[Data items]
_____
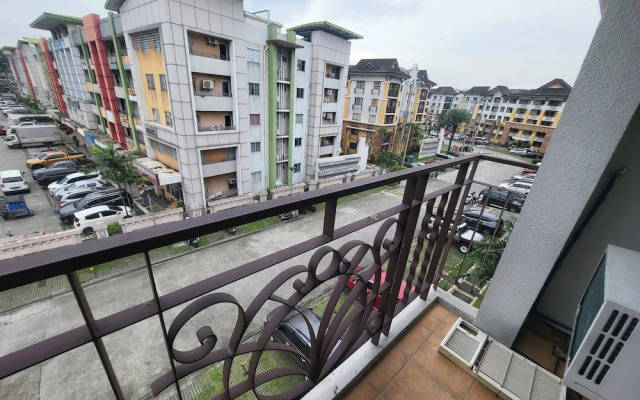 Oasis Living in Pasig City - 2bedroom Condo for Rent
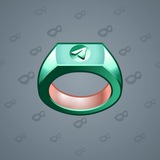 Signet Ring #7336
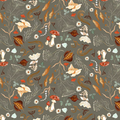Forest Finds de Rae Ritchie pour Dear Stella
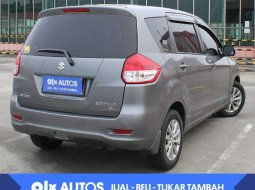 DKI Jakarta, Suzuki Ertiga GL 2015 kondisi terawat 6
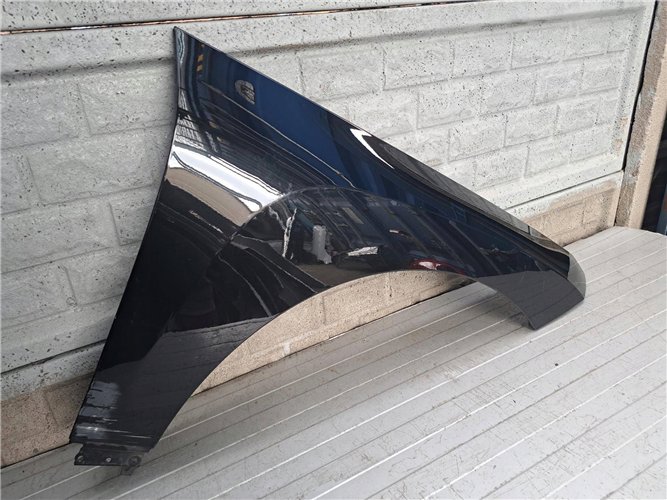 BMW iX i-X BŁOTNIK PRAWY PRZEDNI ORYGINAŁ (17893954485)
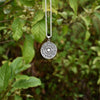 Zodiac Amulet - Silver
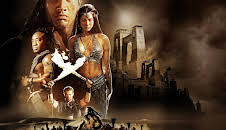 The Scorpion King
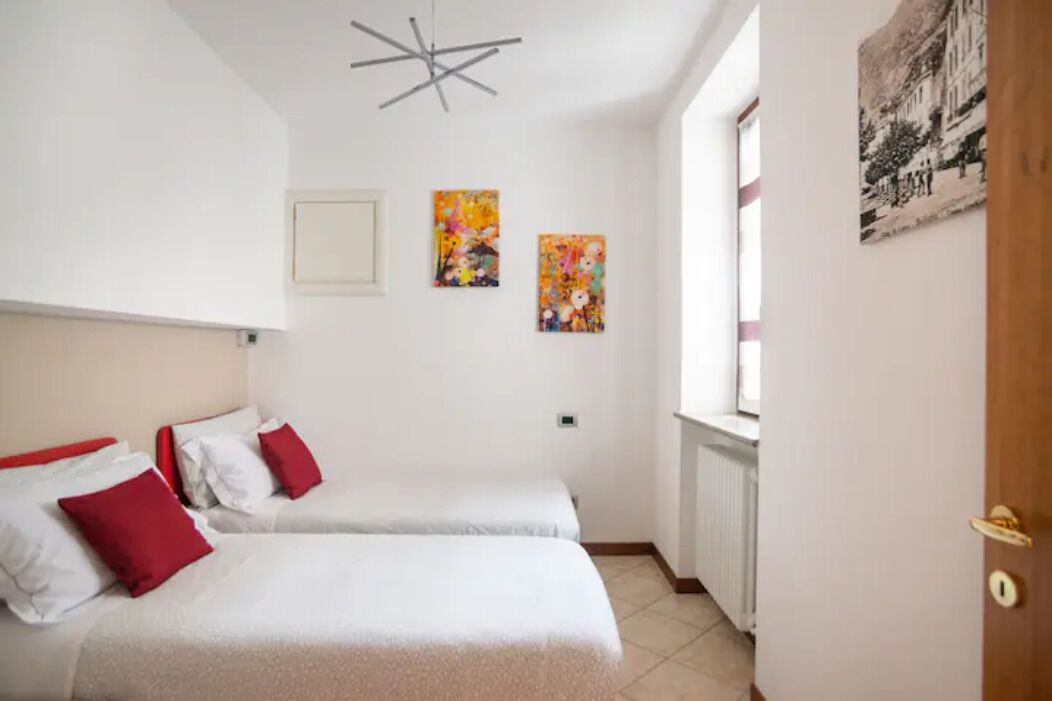 Photo of Bedroom in Bellano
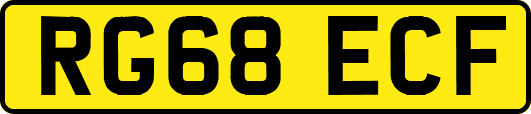 RG68ECF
_____
Repeat only the lines between the top of the entries above and the line containing "Photo of Bedroom in Bellano", both ends included, without the pictures.

--- WRITTEN REPLY ---
 Oasis Living in Pasig City - 2bedroom Condo for Rent
 Signet Ring #7336
Forest Finds de Rae Ritchie pour Dear Stella
 DKI Jakarta, Suzuki Ertiga GL 2015 kondisi terawat 6
 BMW iX i-X BŁOTNIK PRAWY PRZEDNI ORYGINAŁ (17893954485)
 Zodiac Amulet - Silver
 The Scorpion King
 Photo of Bedroom in Bellano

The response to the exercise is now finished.